Ein Werkportrait des kanadischen Filmemachers Denis Villeneuve und seines Brückenschlags zwischen Arthouse- und Mainstreamkino

Spätestens seit seinen Science-Fiction-Erfolgen Arrival und Blade Runner 2049 ist der Kanadier Denis Villeneuve zu einer eigenen Marke im aktuellen Blockbusterkino geworden; ähnlich wie Ridley Scott oder Christopher Nolan ist er ein «auteur» im Mainstream. Sein Epos Dune ließ beim Filmfestival Venedig 2021 den Lido beben und startete am 16.9.22 in den deutschen Kinos. Anlass für ein Werkporträt.
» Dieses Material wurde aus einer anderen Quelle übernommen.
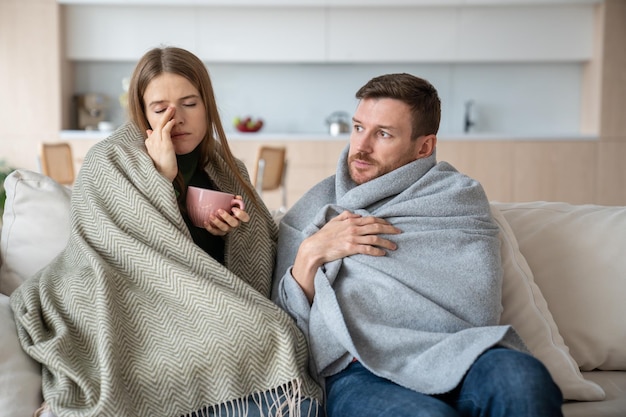 Couple sitting at home wrapped in plaids feeling unwell ill seasonal epidemic viruses influenza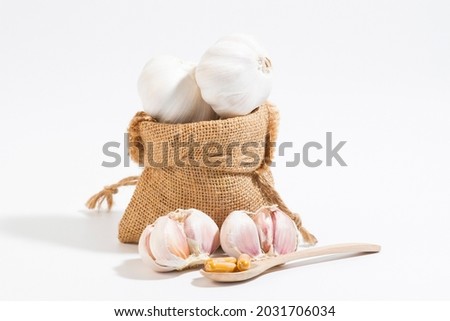 Garlic is antiviral and is a cold and flu remedy. Picture of spicy seasoning ingredients, head of garlic 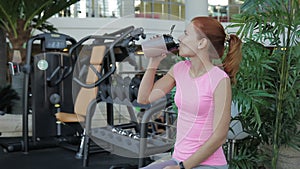 Young woman is drinking protein cocktail while sitting in gym.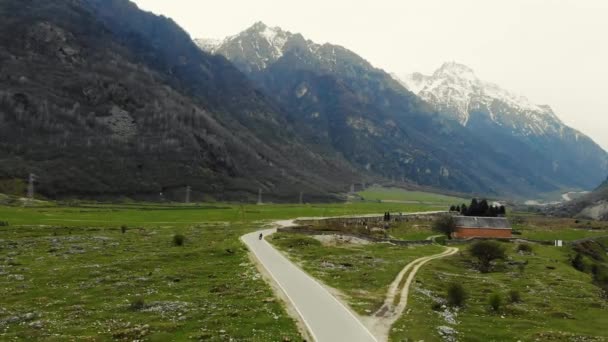 Flygfoto över dalen genom vilken bergsfloden rinner. Valley är täckt av grönska. Du kan se snöiga bergstoppar. Motorvägen passerar genom ängen och husen är synliga — Stockvideo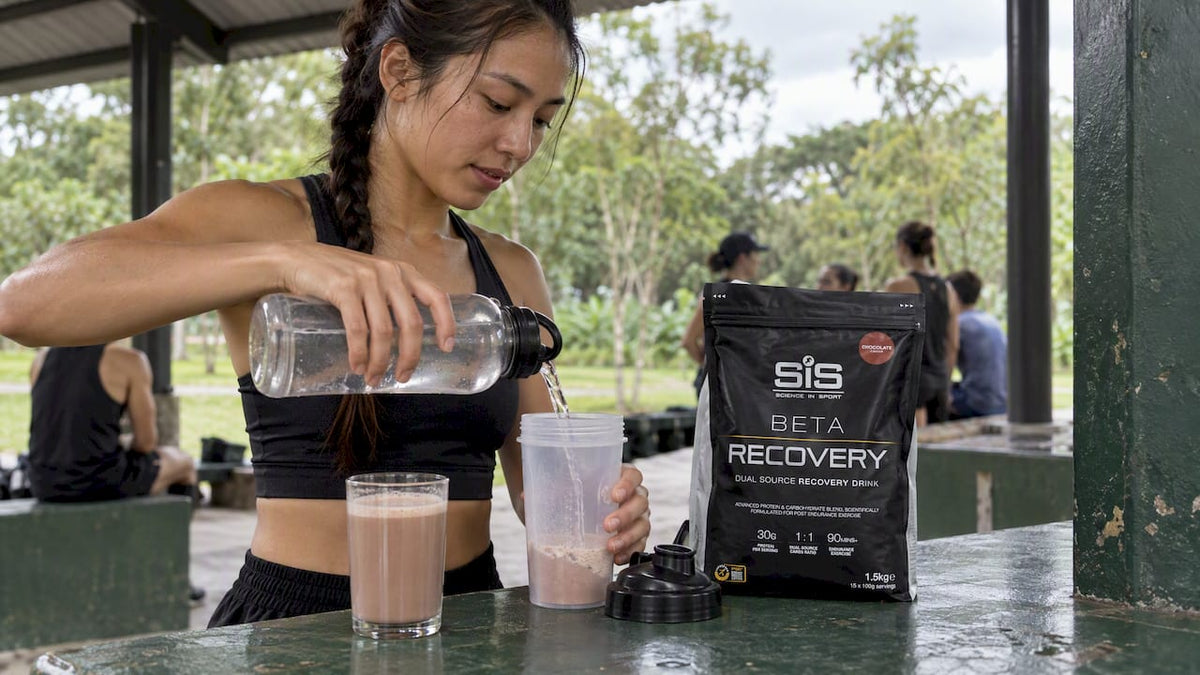 Runner preparing recovery drink beside protein shake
DUNE (USA 2021), © Warner Bros.

Herbst 2013. Im Kino läuft Prisoners an, ein Thriller über eine Kindesentführung, einen verzweifelten Vater und einen schrecklich übermüdeten Detective. Eine Geschichte, die Spannung verspricht, die sicher unbequem wird – vor allem, wenn man Kinder hat – aber auch nichts, was irgendwie revolutionär oder neu klingt. Hollywood-Thriller-Standardstoff eben, wenngleich hochkarätig besetzt mit Jake Gyllenhaal, Hugh Jackman und Paul Dano. 150 Minuten dauert dieser hochgradig effektiv inszenierte Trip. Und über 150 Minuten gelingt es dem Regisseur, eine immense Spannung aufzubauen, zu fesseln, das Publikum in den Bann zu ziehen von der ersten bis zur letzten Minute, es einzuhüllen in eine düster-bedrohliche Soundkulisse und mit hineinzuziehen in menschliche Abgründe. Wer hat da Regie geführt? Denis Villeneuve. Prisoners war nicht sein erster Film, wohl aber sein erster Blockbuster. Weniger als ein Jahrzehnt später zählt der Kanadier zu den bedeutendsten Hollywood-Regisseuren, der meisterhaft die Brücke zwischen Arthouse und Mainstream schlägt und großes Kino für das Auge, den Bauch und Kopf macht.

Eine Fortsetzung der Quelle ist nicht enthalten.